Aldir Sales
08/02/2020 18:13 - Atualizado em 19/02/2020 16:49
Como mostrou a Folha da Manhã na edição do último domingo (02), o Ministério Público abriu 14 inquéritos para investigar empréstimos do Fundo de Desenvolvimento de Campos (Fundecam) considerados suspeitos pela Comissão Parlamentar de Inquérito (CPI) do Fundecam que foi concluída na Câmara Municipal no ano passado. O valor total do dinheiro que saiu dos cofres públicos nestes contratos soma quase R$ 143,8 milhões em valores atualizados. Deste total, sete empresas nunca pagaram uma parcela sequer e contabilizam R$ 81,1 milhões de prejuízo ao Fundecam. A lista dos devedores é longa e incluem sociedades de Campos e até de Belo Horizonte. Algumas mudaram de nome, enquanto outras já fecharam as portas. Além disso, dois vereadores de mandato são citados nos inquéritos: Rosilani do Renê (PSC), como proprietária de uma das empresas investigadas, e Eduardo Crespo (PL), que é ex-presidente do fundo.
Os atuais proprietários da Fábrica de Sabão Guarulhense são Rosilani e o marido Renê Siqueira, como consta no inquérito do MP. No entanto, os dois compraram a empresa em abril de 2013 da família Pita. O empréstimo, de 2006, foi no valor de R$ 1,8 milhão (R$ 4 milhões em valores atualizados), com objetivo de ampliar e modernizar o parque industrial. A defesa do casal também explicou que os dois não foram chamados pela CPI para explicar a situação e que não poderiam ser citados na investigação.
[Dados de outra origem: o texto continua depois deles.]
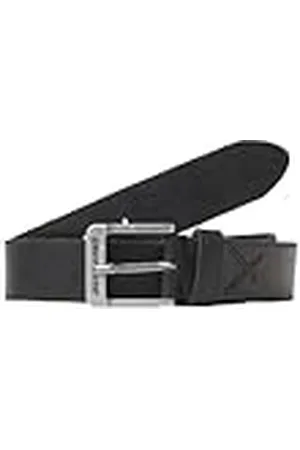 JACK & JONES JACROCK Leather Belt Noos cinturón de Cuero, Black, 90 de los Hombres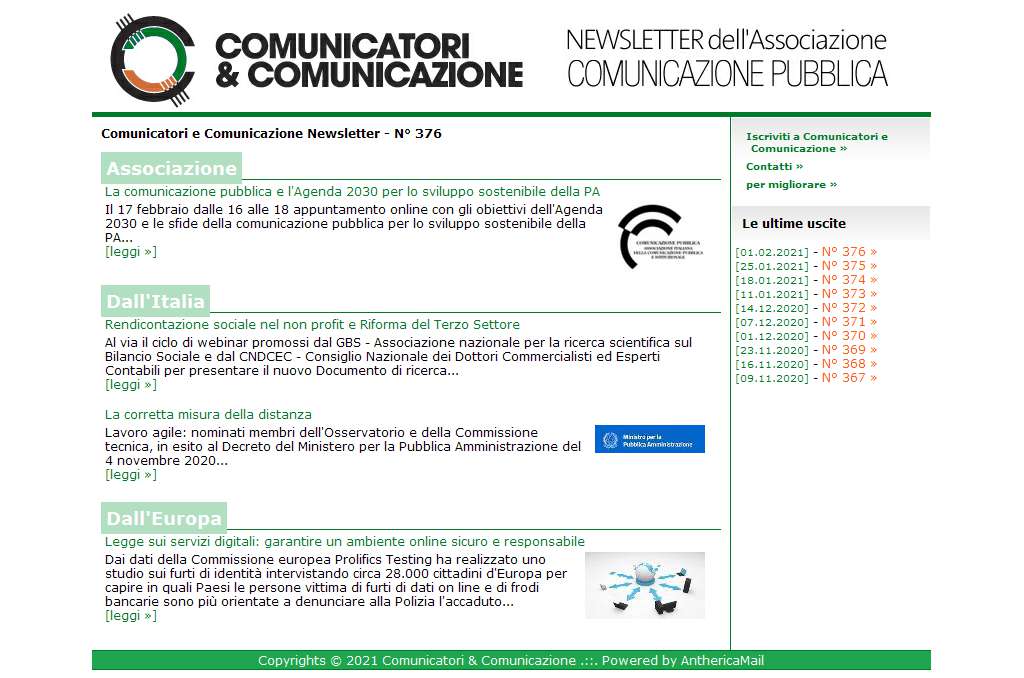 Comunicatori e Comunicazione n� 376 - 1 febbraio 2021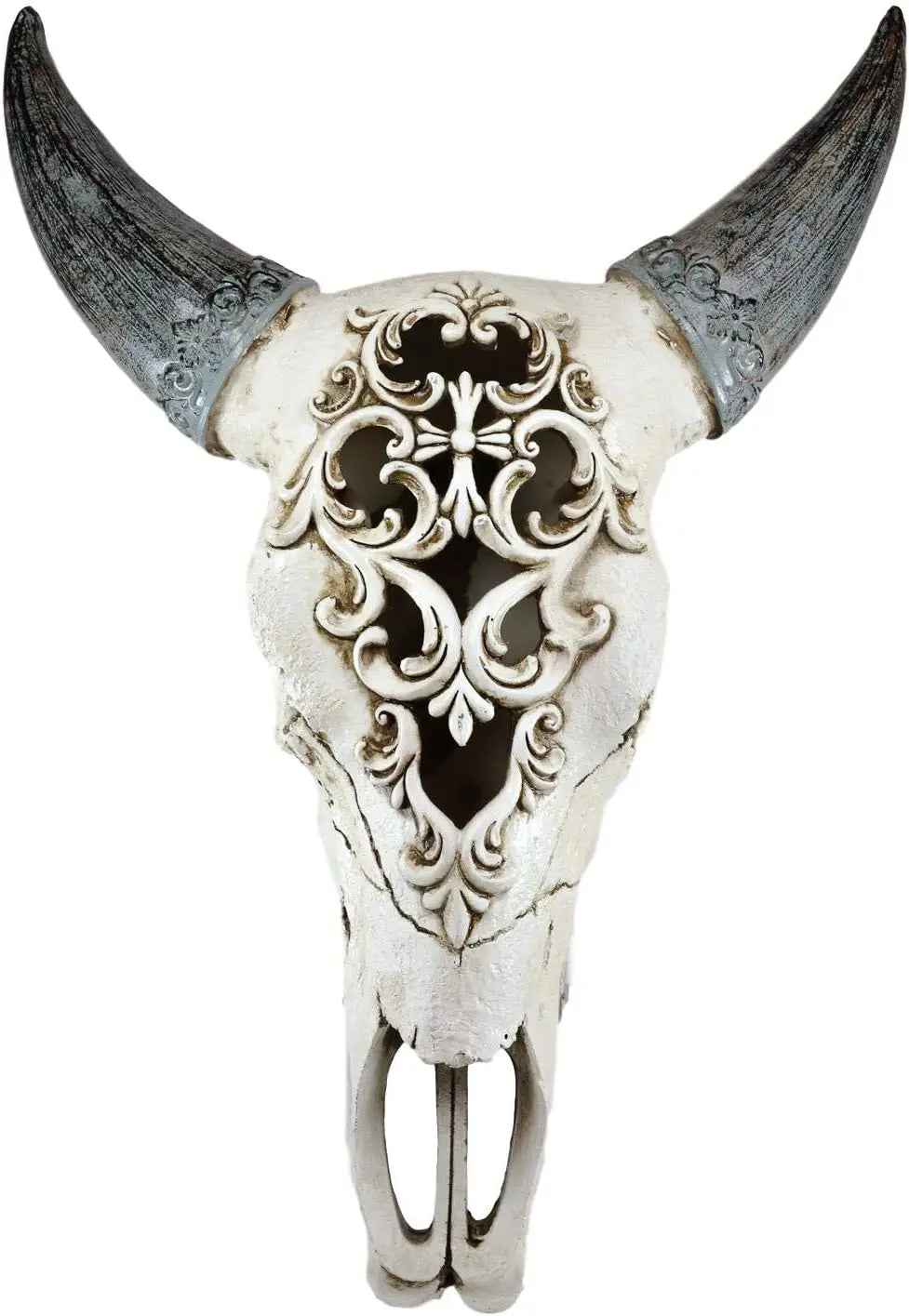 Floral Filigree Bison Skull Wall Decor Art Plaque Sculpture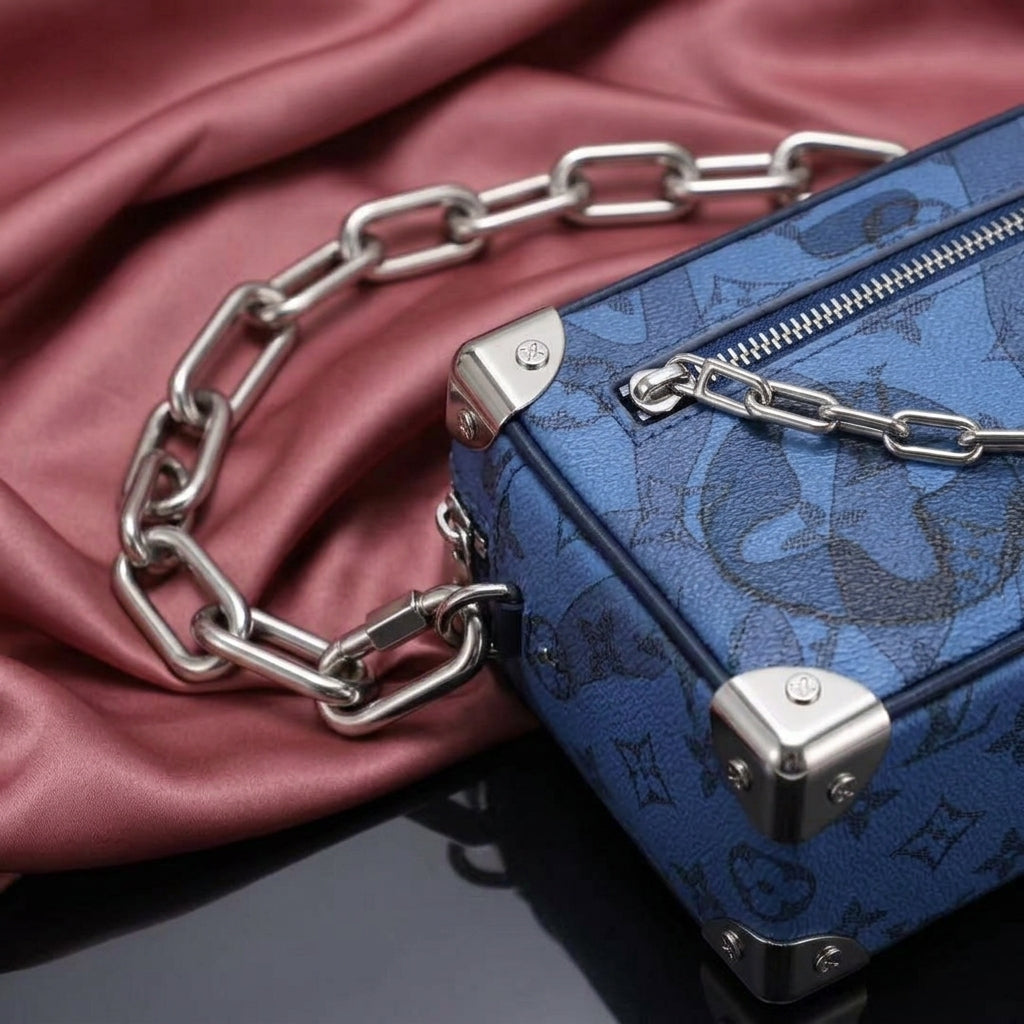LOUIS VUITTON Soft Trunk Shoulder Bag in Blue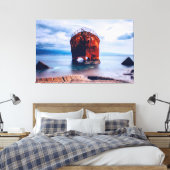 Schip in een oceaankalk canvas afdruk (Insitu (Slaapkamer))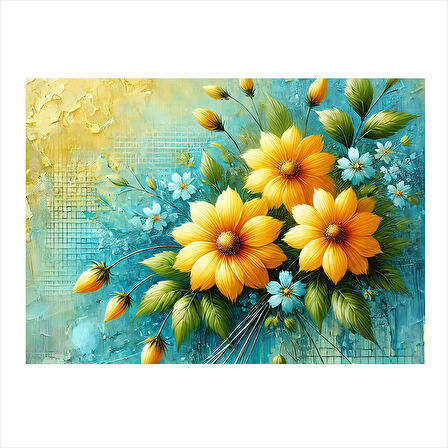 Sarı Çiçek Desenleri Art Mdf Tablo 50cmX 70cm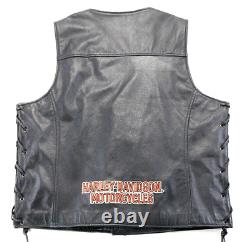 Harley davidson mens vest L black leather pathway orange snap bar shield vintage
Eles também disseram que imóveis foram dados como garantia para a dívida.
Uma das ex-sócias da empresa, que não quis se identificar, explicou que tem ciência que os atuais sócios que são os responsáveis pela dívida já tentaram negociar diversas vezes junto a Prefeitura, inclusive em outros governos e com o atual, mas sem êxito.
Ex-presidente do fundo e atual vereador, Eduardo Crespo disse que não teve acesso ao relatório final da CPI, não conhece o processo e nem foi citado judicialmente: “A nossa gestão foi transparente e as contas foram aprovadas pelo Conselho. Já como vereador assinei a favor da abertura da CPI do Fundecam. Assinei também por outras CPIs, como a da Saúde, entre outras. Estarei sempre à disposição para prestar qualquer esclarecimento”.
Dos 14 inquéritos, 12 estão nas mãos do promotor Marcelo Lessa, da 2ª Promotoria de Tutela Coletiva de Campos, enquanto outros dois foram redistribuídos para outras promotorias por já haver processos em andamento.
Na 2ª Promotoria, o maior contrato investigado foi assinado no dia 29 de março de 2011 entre o Fundecam e a Canabrava Agrícola S.A. O valor total do empréstimo foi de R$ 21,7 milhões (R$ 35,9 milhões em valores atualizados). Depois de passar por problemas administrativos, a usina passou por uma reformulação e conta com uma nova direção com a denominação de Nova Canabrava. O representante da empresa, Rodrigo Luppi disse que a dívida foi feita pela gestão anterior e que existe um imóvel colocado como garantia.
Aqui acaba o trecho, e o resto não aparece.